Promotional single by Radiohead

from the album In Rainbows
- Released: 5 January 2009
- Recorded: 2005–2007
- Genre: Alternative rock; ambient pop; art rock; electronic;
- Length: 3:48
- Label: TBD; ATO;
- Songwriters: Colin Greenwood; Jonny Greenwood; Ed O'Brien; Philip Selway; Thom Yorke;
- Producer: Nigel Godrich

Music video
- "All I Need" on YouTube

= All I Need (Radiohead song) =

2008 song by Radiohead

"All I Need" is a song by the English rock band Radiohead, produced by Nigel Godrich. It was released as a promotional single on 5 January 2009, from their seventh studio album, In Rainbows (2007). "All I Need" is a downtempo track with lyrics about obsession and unrequited love.

The music video for "All I Need" premiered on 1 May 2008 on MTV in support of the MTV EXIT campaign, which promotes awareness and increases prevention of human trafficking and modern slavery. The video contrasts the lives of two boys from different economic backgrounds and won 16 awards.

==Recording==
Radiohead debuted "All I Need" at their 20 June 2006 performance at the Auditorium Theatre in Chicago, Illinois. Singer Thom Yorke told the audience that they had just "sketched [the song] out earlier and might get it wrong".

Radiohead recorded "All I Need" for their seventh studio album, In Rainbows (2007).

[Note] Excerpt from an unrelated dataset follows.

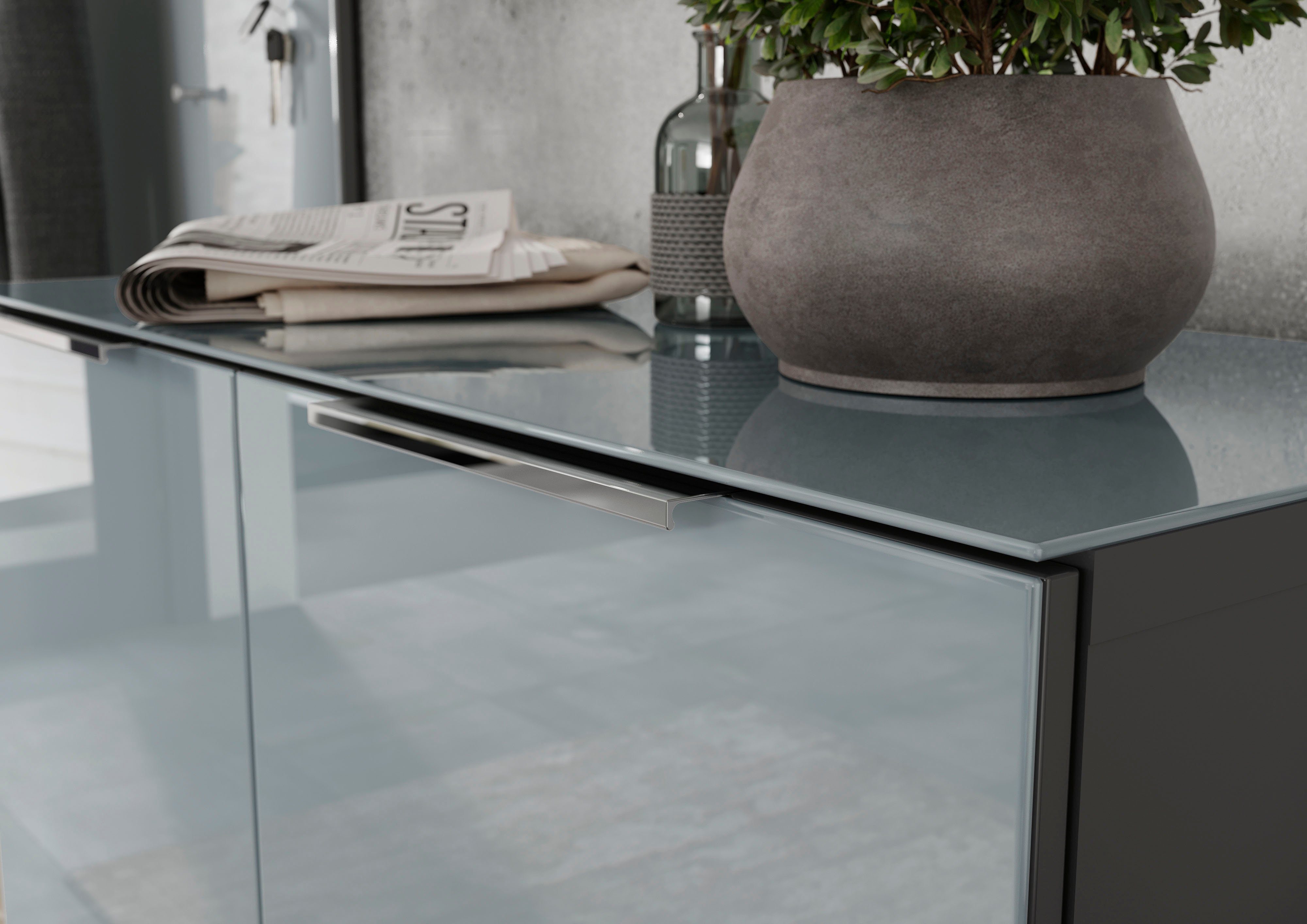 GERMANIA Garderobenschrank Oakland mit Glasfront Breite: 59cm, Türdämpfung,verstellb. Böden, Metallgriffe aus Chrom – Bild 5 von 5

They used a fan recording of the debut performance, uploaded to YouTube, as a reference when working in the studio; Yorke said: "It's all crunchy, it's all from mobile phone but... that's sort of an element of it I really find incredibly exciting."

Guitarist Jonny Greenwood wanted to capture the sensation of white noise generated by "a band playing loudly in a room, when all this chaos kicks up". Unable to produce the sound in a recording studio, Greenwood instead had a string section, the Millennia Ensemble, play every note of the scale, blanketing the audio frequencies. He also overdubbed his own viola playing.

Guitarist Ed O'Brien used a guitar strung with four bottom E strings, creating a thicker sound, combined with a sustain unit (allowing notes to be sustained indefinitely) and delay pedal. Yorke said that the final version of "All I Need" was a combination of four different recordings.

==Composition==
"All I Need" is a sombre song with lyrics detailing obsession and love. It incorporates strings, synthesisers, glockenspiel, and piano. Brian Howe of Paste wrote that it "contrasts baggy bass bleats with tiny, concise glockenspiel". Robert Sandall of The Telegraph described it as Yorke's most "direct love song", and Rolling Stone cited it as among "the most intense love songs [he] has ever sung". The lyrics incorporate metaphors describing unrequited love, with Yorke describing himself as "an animal trapped in your hot car". In the final crescendo, the album's "most cathartic release", Yorke sings "it's all right, it's all wrong" as Philip Selway's crash cymbals enter.

==Release==
"All I Need" concludes the first half of In Rainbows. On 5 January 2009, TBD Records and ATO Records released "All I Need" to US adult album alternative radio. CD copies of the single were distributed by TBD Records for promotional purposes to coincide with the radio release, which included labels detailing Radiohead's nominations at the 51st Annual Grammy Awards. A performance of "All I Need" was included on the 2008 live video In Rainbows – From the Basement. Yorke remixed "All I Need" as a new song, "Honey Pot", which he played during a guest appearance on the radio station KCRW in June 2013.

==Music video==
The "All I Need" music video was directed by Steve Rogers and filmed in Australia by John Seale. It premiered on MTV on May 1, 2008. In split screen, it depicts a day in the lives of two children: a boy in the west from an affluent area, and a boy in the east forced to work in a sweatshop which produces shoes worn by the western boy. It was made in support of the MTV EXIT campaign, which promotes awareness and increase prevention of human trafficking and modern slavery. Yorke said he hoped the campaign would make slavery less of a taboo to discuss. The video won 16 awards, including the UNICEF–CASBAA Asia-Pacific Child Rights Award, the Bronze ANDY for Film at the International Andy Awards, the In Book for Music Video at the 2009 D&AD Awards, and the Bronze Lion for Film at the Cannes Lions International Festival of Creativity.

==Personnel==
Credits adapted from the In Rainbows liner notes.

- Radiohead
- Thom Yorke
- Jonny Greenwood
- Colin Greenwood
- Ed O'Brien
- Philip Selway

- Additional personnel
- Nigel Godrich – production, mixing, engineering
- Dan Grech-Marguerat – engineering
- Bob Ludwig – mastering
- The Millennia Ensemble – strings
- Hugo Nicolson – engineering
- Graeme Stewart – preproduction
- Richard Woodcraft – engineering

==Certifications==

| Region | Certification | Certified units/sales |
| Canada (Music Canada) | Gold | 40,000^{‡} |
| New Zealand (RMNZ) | Gold | 15,000^{‡} |
^{‡} Sales+streaming figures based on certification alone.